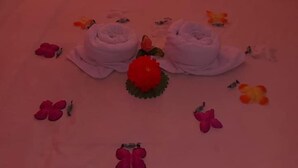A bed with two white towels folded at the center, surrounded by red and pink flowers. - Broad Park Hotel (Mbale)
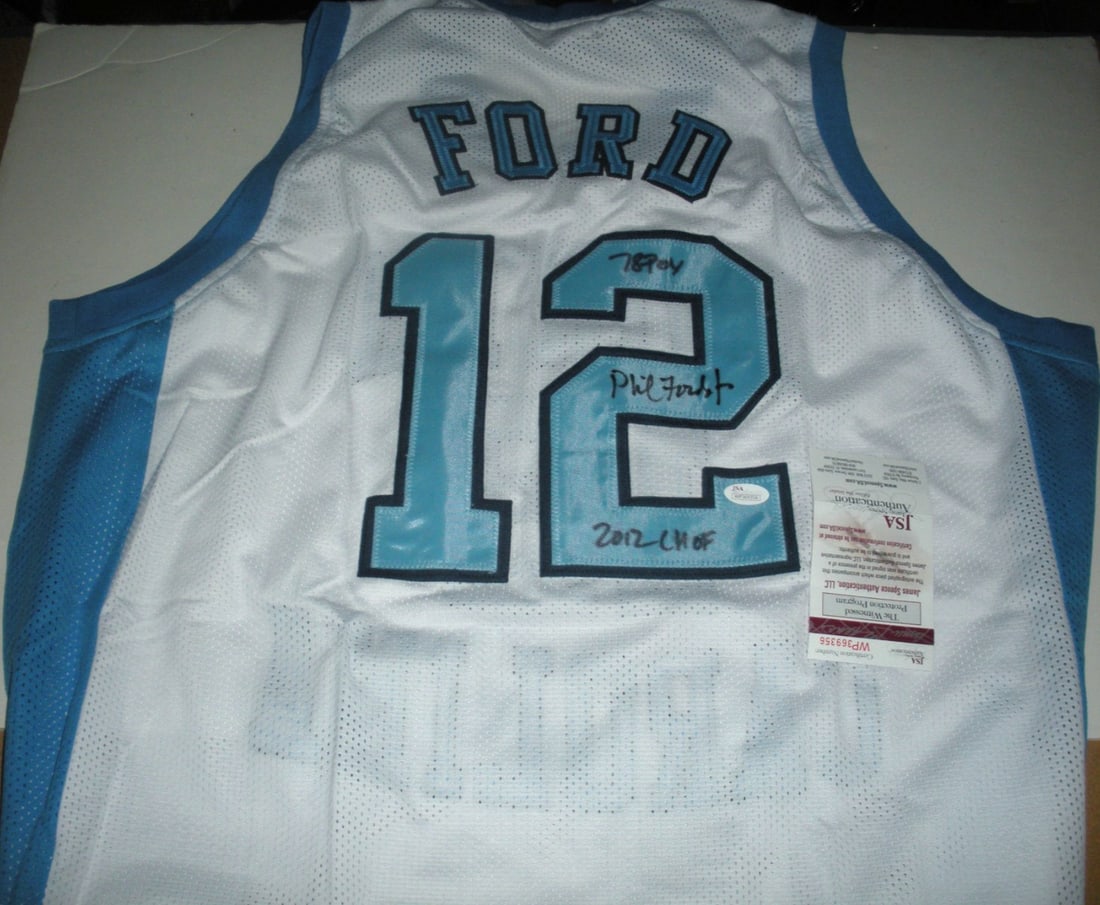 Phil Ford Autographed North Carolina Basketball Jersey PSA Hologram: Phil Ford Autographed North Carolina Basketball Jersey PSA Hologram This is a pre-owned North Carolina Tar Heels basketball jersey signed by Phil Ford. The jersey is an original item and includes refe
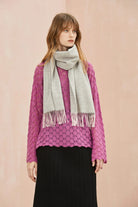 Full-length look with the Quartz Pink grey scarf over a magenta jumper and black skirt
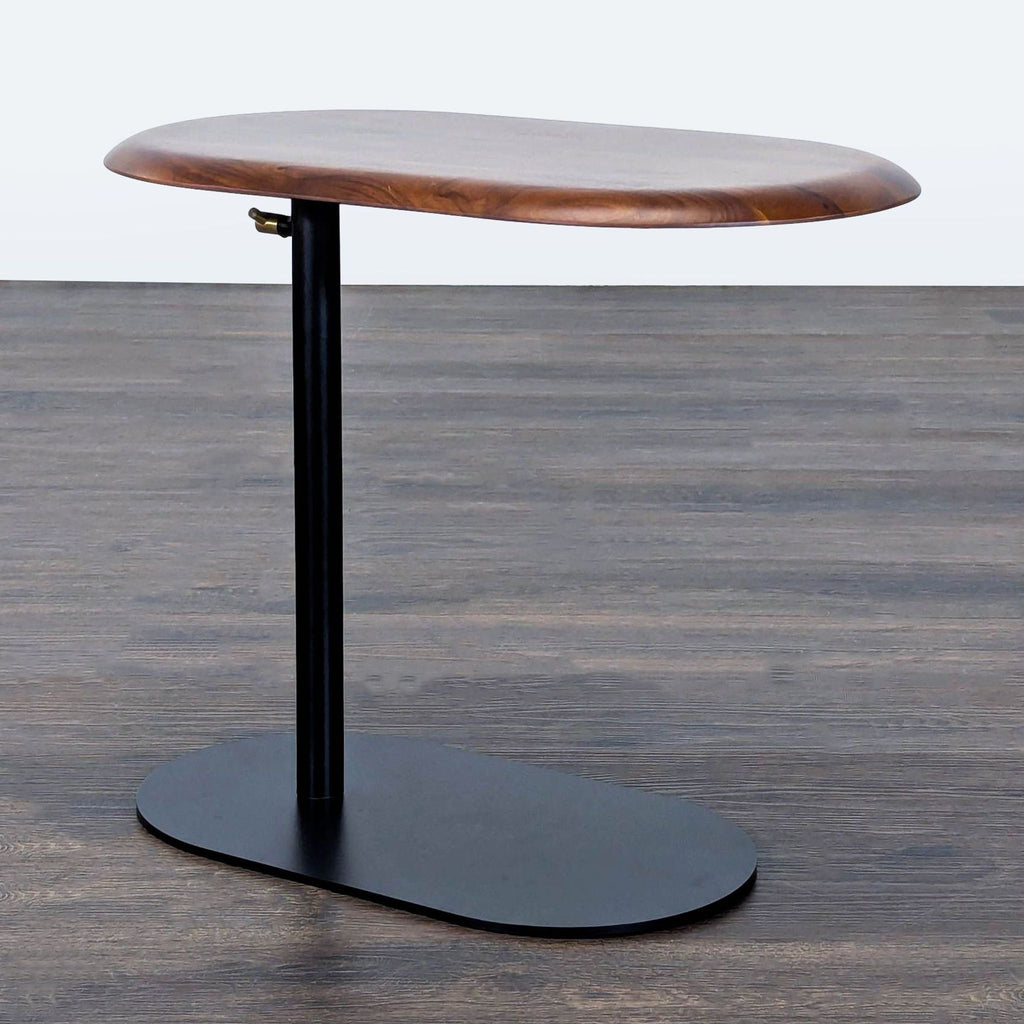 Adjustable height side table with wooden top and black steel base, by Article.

■ ■ ■ ■ ■

__TASK TO CARRY OUT__.
Every line of the material must be returned verbatim, and pictures must be left behind.

__ANSWER__.
A bed with two white towels folded at the center, surrounded by red and pink flowers. - Broad Park Hotel (Mbale)
 Phil Ford Autographed North Carolina Basketball Jersey PSA Hologram: Phil Ford Autographed North Carolina Basketball Jersey PSA Hologram This is a pre-owned North Carolina Tar Heels basketball jersey signed by Phil Ford. The jersey is an original item and includes refe
 Full-length look with the Quartz Pink grey scarf over a magenta jumper and black skirt
 Adjustable height side table with wooden top and black steel base, by Article.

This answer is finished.